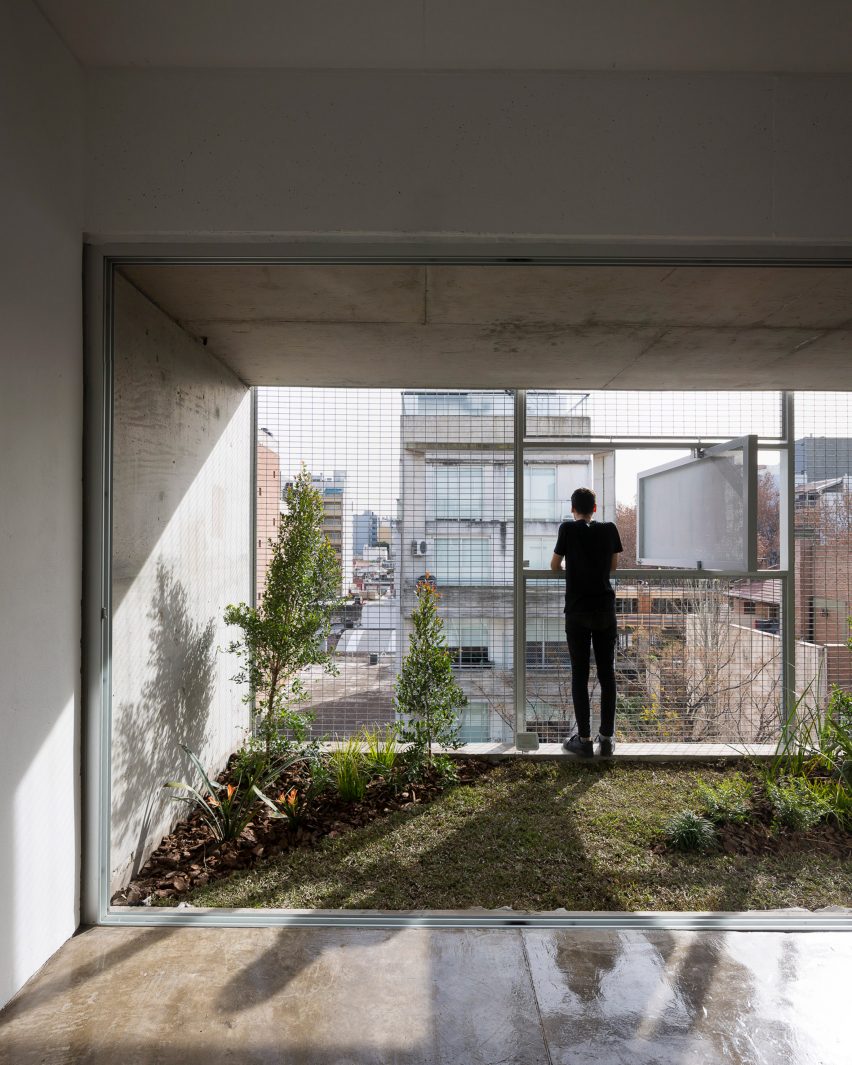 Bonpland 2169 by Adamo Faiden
* * *
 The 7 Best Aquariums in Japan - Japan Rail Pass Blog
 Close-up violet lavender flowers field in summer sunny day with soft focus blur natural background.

__Problem details__:
Quote the data above from the line containing "The 7 Best Aquariums" to the line containing "Close-up violet lavender", inclusive, and stop.

__Task output__:
 The 7 Best Aquariums in Japan - Japan Rail Pass Blog
 Close-up violet lavender flowers field in summer sunny day with soft focus blur natural background.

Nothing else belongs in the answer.